In the story Silas Marner, written by George Eliot (Mary Ann Evans) in 1861,the main character is a young man engaged to be married, but who is unjustly accused of a crime he didn’t commit, and his accuser eventually married Silas’ fiancé. Silas was a linen weaver by trade, and so he traveled to a smaller town in England, bought a very simple house, and set up his loom to practice his trade. He lived a quiet reclusive life, but his work was so well done and timely delivered, that he had several customers. Some tried to befriend him without success. Silas worked every day at his loom and acquired a small bag of gold coins in savings, as he spent very little on himself. His sad existence was made sadder when he was robbed of that bag when he went out to deliver some of his work. He came home to find his meager belongings ransacked, and he became even more reclusive.
One snowy winter day when he returned home from gathering firewood, Silas saw something in a pile by the fireplace that shone in the light like gold, and his first thought was that somehow his savings had been returned to him. As he ran into the room he soon saw that the “gold” was the lovely curls on the head of a very little girl who was lying asleep by the fireplace. Silas followed the footprints of the child and found her mother, who had died in the snow, and he rushed back to notify the villagers of what had happened. Ultimately Silas was asked to care for the child until someone might claim her. Such a person never appeared, and Silas became the adoptive father to the child he named Hephzibah. and called “Eppie”.
The golden haired Eppie was more truly “gold “ to Silas than any bag of coins. A neighbor woman with children helped him raise Eppie, and the child bonded quickly with Silas. For the first time his house became a home, and his life was forever changed.

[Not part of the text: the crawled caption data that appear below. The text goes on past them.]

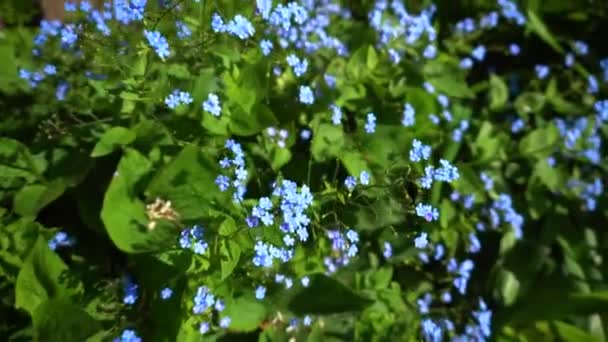 Сині Маленькі Квіти Цвітуть Літньому Саду Забудьте Цвісти Зеленим Листям — стокове відео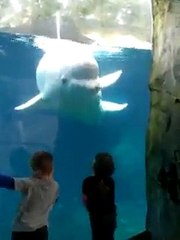 Fish is trying to scare kids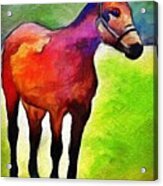 A Horse Of A Different Color Acrylic Print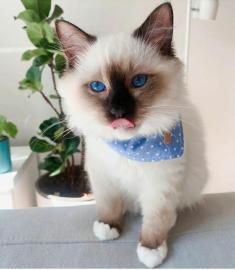 Ragdoll Kitten mit Papieren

The wise men brought gold to the baby Jesus, and there was gold in the tabernacle as well as in Solomon’s temple. The gold displays the preciousness to God of communion between Himself and His people: “I will put my dwelling place among you. . . I will walk among you” (Leviticus 26;12)
Silas Marner’s gold coins were replaced with a living child who changed his life and gave it meaning. Our lives are changed when we come home to discover the limitless value of our living God in Jesus, the purest of pure gold.